To the best of our knowledge, this report is the first to extend the study of ME/CFS to families with multiple ME/CFS patients since the landmark study of natural killer (NK) cells in CFS by Dr. Paul Levine et al. in 1998 . The Levine study compared CFS patients vs. multiple first degree family members to investigate the potential role for low NK cell activity in CFS. Several studies have compared twins, monozygotic vs. dizygotic twins, with one or both twins afflicted with ME/CFS [22—25], with the focus on etiology and genetic risk factors rather than biomarkers. Here we underscore the value of family members without ME/CFS as a separate group of controls (in addition to unrelated healthy controls). Family members have close genetic backgrounds and often similar lifestyles to the patients, and can optimize discovery of specific biomarkers by serving as maximally matched controls. In this report, we searched for a biomarker using 3 families each with 2 ME/CFS patients. The idea was to screen for a new biomarker of infection and/or inflammation that would be worthy of additional research.

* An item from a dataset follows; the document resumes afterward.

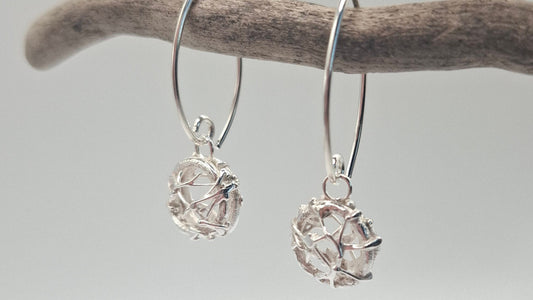 Silver tangled fishing net statement earrings by Shelley Ide Jewellery, showcasing intricate, handcrafted jewelry design.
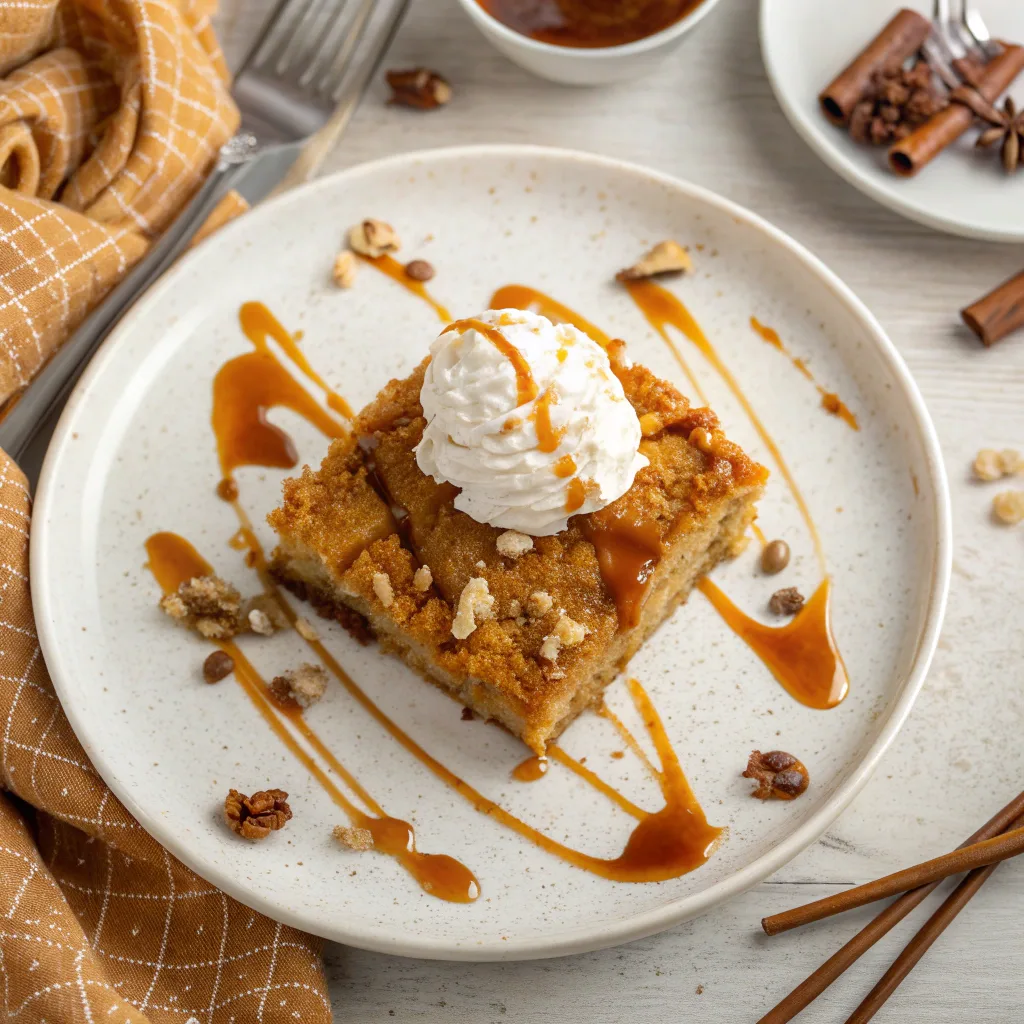 The Best Pumpkin Spice Latte Dump Cake for Winter Desserts 11 Slice of Pumpkin Spice Latte Dump Cake served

Consideration of unique infections with associated biomarkers of the inflammatory etiology began when ME/CFS was first recognized in 1984 in a regional cluster of patients . Several viruses have been proposed to promote chronic immune responses in ME/CFS, including persistent herpes viruses such as Epstein Barr virus [8–10], human cytomegalovirus , herpes zoster , and human herpes virus 6 [13–15]. The fatigue of ME/CFS resembles the fatigue induced during initial viral infections [16, 17]. Gamma interferon, elevated during viral infections, is also elevated in the blood of patients with severe CFS . However, attempts to find unique or re-activated viral infections that are associated with ME/CFS have been unsuccessful [19, 20].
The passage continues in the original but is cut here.